Precedent · Credit
2008 Global Financial Crisis
2007–2009
A credit shock that became a global recession. Subprime losses froze interbank funding, Lehman failed in September 2008, and a deleveraging cascade ran through credit, equities, housing, and the labor market over roughly twenty months.
The signature
Each variable's peak deviation from the pre-event baseline, with the curve shape, the lag before it moved, and how long the recovery ran.
| Variable | Peak deviation | Shape | Lag / Recovery | Confidence |
|---|---|---|---|---|
| High Yield OAS HY OAS ~3.4% → ~21% peak Dec 2008 | +500% | Spike | 60d lag · 365d | high |
| VIX VIX ~21 → ~80 Nov 2008 | +280% | Spike | 60d lag · 180d | high |
| S&P 500 Peak-to-trough Oct 2007 → Mar 2009 | −57% | U | 0d lag · 540d | high |
| Case-Shiller Home Prices National index peak-to-trough | −27% | L | 0d lag · 900d | high |
| Brent Crude Brent ~$144 Jul → ~$34 Dec 2008 (post-spike crash) | −75% | V | 30d lag · 300d | high |
| Unemployment Rate 5.0% → 10.0% (doubled), slow recovery | +100% | Ramp | 120d lag · 1000d | high |
| Real GDP Real GDP peak-to-trough | −4% | U | 90d lag · 540d | high |
Methodology
Encoded as peak deviations from the pre-shock baseline.
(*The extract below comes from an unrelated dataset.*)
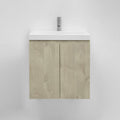 Marquis Phoenix Compact 2 Wall Hung Vanity - 600mm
The signature is a credit-first shock: high-yield spreads blew out before the real economy turned, equities fell ~57% peak-to-trough, real GDP fell ~4.3%, unemployment doubled, and oil crashed ~75% from its mid-2008 spike. Shapes are mostly U (slow recovery), with spikes in spreads and volatility.
What's different now
The post-2008 regime carries far more central-bank willingness to backstop credit fast (see 2020), and bank balance sheets are better capitalized — a repeat credit freeze would likely be met with quicker liquidity, compressing the spread spike sooner. Housing leverage is also lower. Read 2008 as the severe tail, not the base case.